What things are there to be optimistic about in the sector?

What is reassuring in the sector currently is that local councils are supporting densification around transit nodes such as the Gautrain route. Our population is growing by roughly 2% a year with 80% of this growth taking place in Joburg and surrounds as the financial hub. These factors alone will sustain a decent, well located property investment and development; especially as Joburg’s traffic continues to worsen.

With South Africa moving into an environment of higher inflation, building costs are sharply escalating and will continue to escalate. Smart developers are using this quiet time to capitalize on contracting construction companies hungry for business, and then focusing on putting resource-efficient buildings into the ground. Building now at current costs enables developers to secure building contracts at cost plus a very low margin. Although construction in tough times seems contrary to what is advised in the media, there is logic behind building now to ensure being “price wise” and having a building in the ground for when the economic cycle picks up again.

It is positive that property remains a good hedge against inflation – when inflation rises, new contracted escalation rates tend to go up, rentals then rise to stay with inflation and as a result, commercial property is very attractive.

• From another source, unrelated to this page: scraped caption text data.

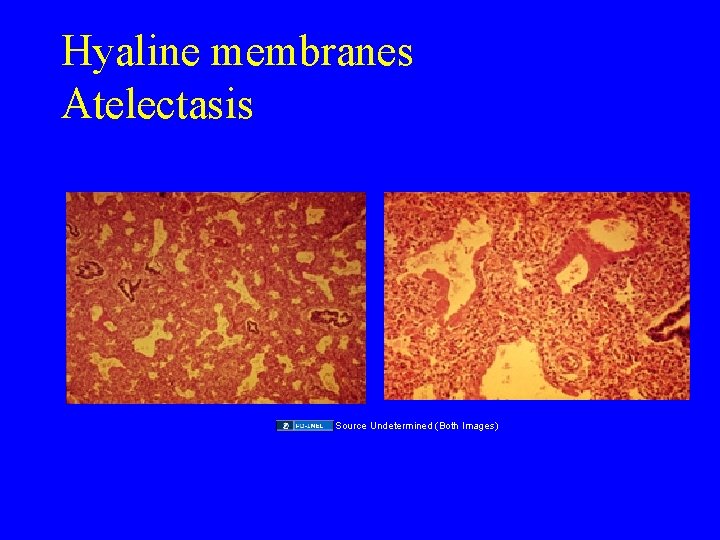 Hyaline membranes Atelectasis Source Undetermined (Both Images) 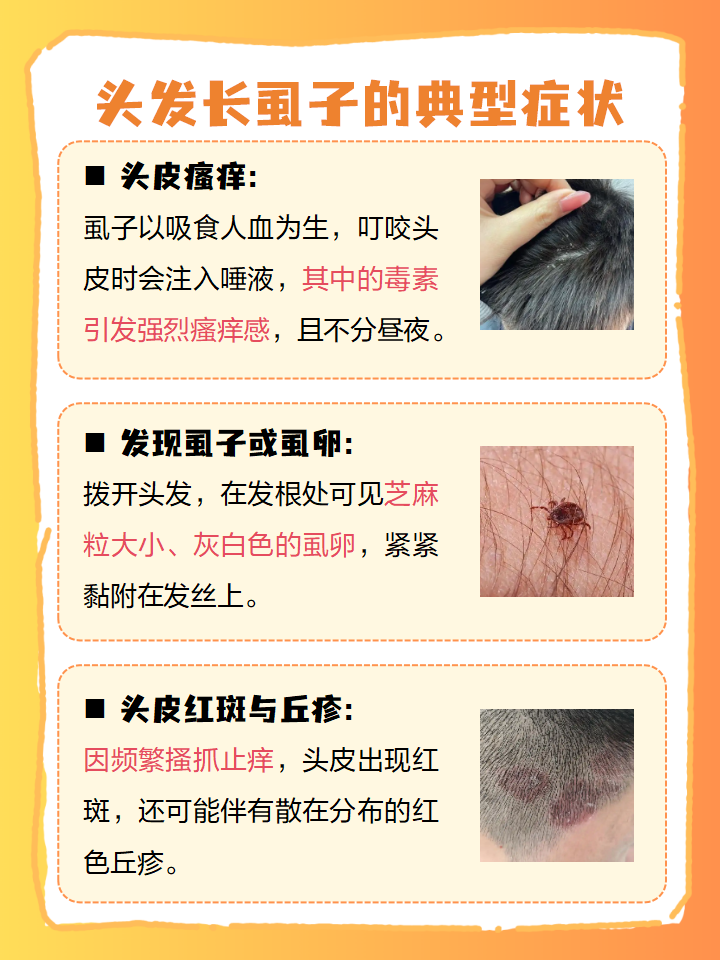 怎么知道自己有没有虱子?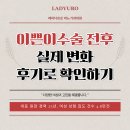 이쁜이옷 | 이쁜이수술 전후 실제 변화 후기로 확인하기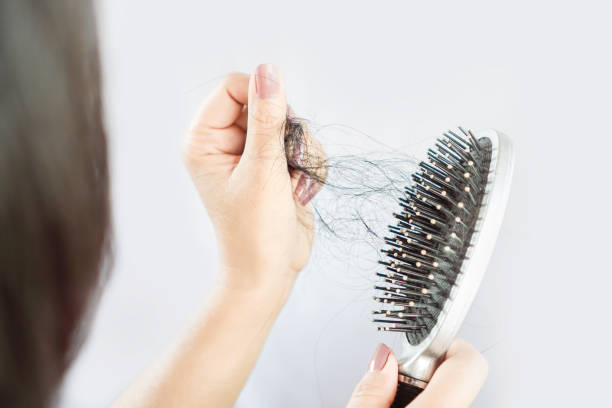 3 cách trị rụng tóc dân gian được áp dụng phổ biến – Đâu là giải pháp tối ưu?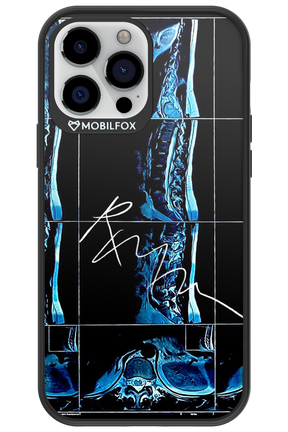 RMN Scolioza 2.0 - Apple iPhone 13 Pro Max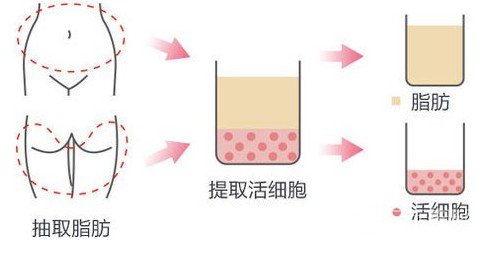 脂肪填充法令紋好嗎
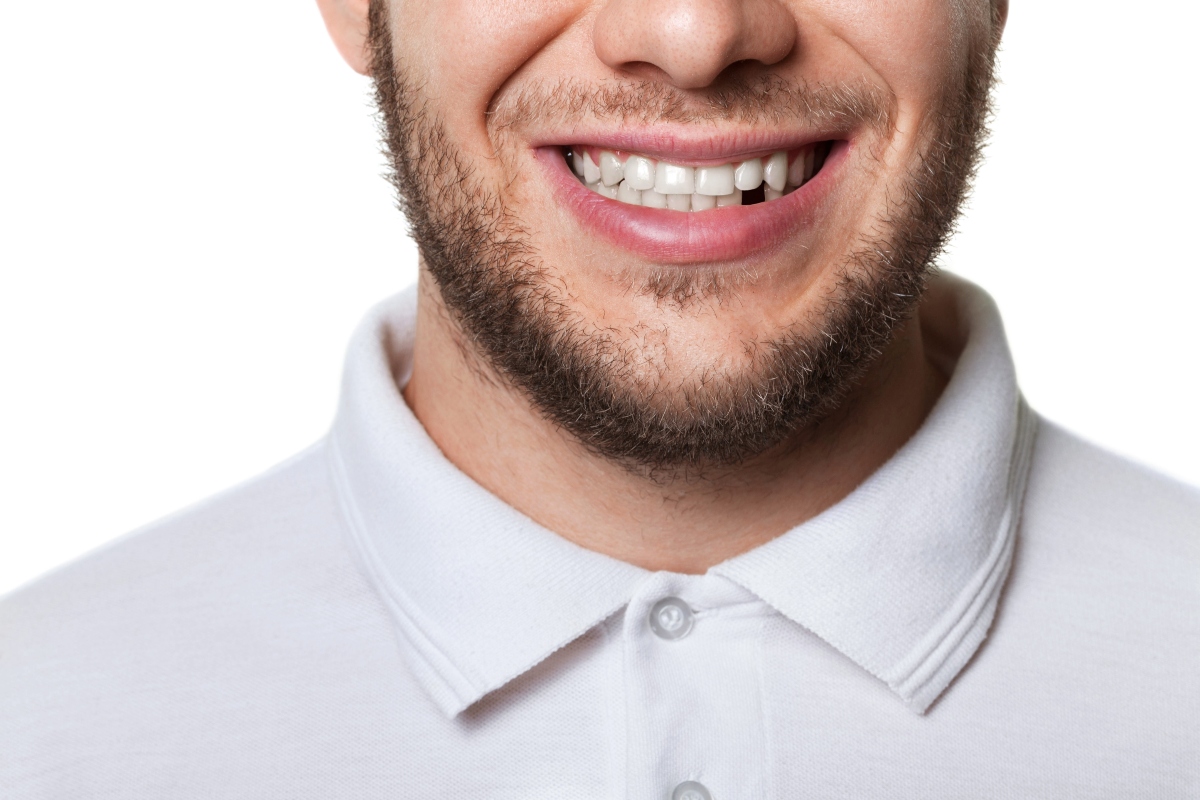 man with missing tooth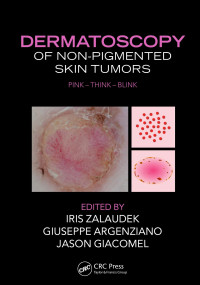 Zalaudek, Iris, Argenziano, Giuseppe, Giacomel, Jason — Dermatoscopy of Non-Pigmented Skin Tumors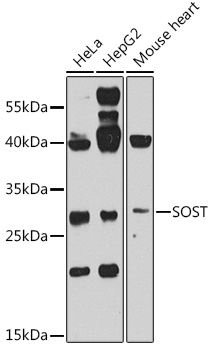 Anti-Sclerostin Polyclonal Antibody (CAB8213)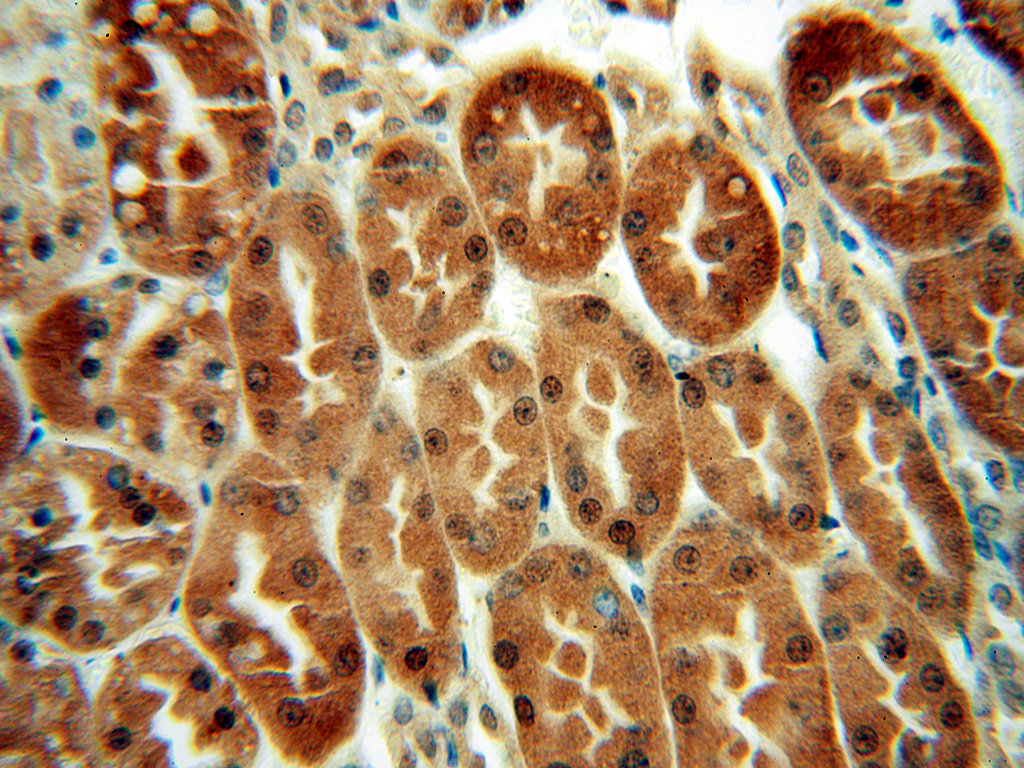 Immunohistochemical of paraffin-embedded human kidney using 15759-1-AP(LHPP antibody) at dilution of 1:100 (under 40x lens)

Where do the opportunities lie?

There are opportunities in investing around major transit nodes such as Gautrain, Gautrain feeder routes and Rea Vaya routes. A major opportunity to take advantage of is investing in the development of future-forward buildings which are resource efficient. Because water shedding is a reality and electricity supply is unstable, coupled with constant price hikes – if investors can guarantee tenants lower cost of occupation by passing on major saving benefits and off the grid operations, you have a much better chance of securing a solid return on investment. This is of course extremely difficult to do in older buildings, hence the high demand for energy efficient buildings. These constructions effectively circumvent resource shedding and price increases.


What are the investors with a long-term view choosing to invest in – is it urban development in response to migration, or industrial development to support businesses who need to change the way they work to ensure profitability or (environmental) sustainability?

Investors look for the best in terms of both risk and reward long term. Low cost housing for example comes with much bureaucracy, risk and uncontrollable variables. Many investors sacrifice a percentage or two and stick with what they know to ensure long term return.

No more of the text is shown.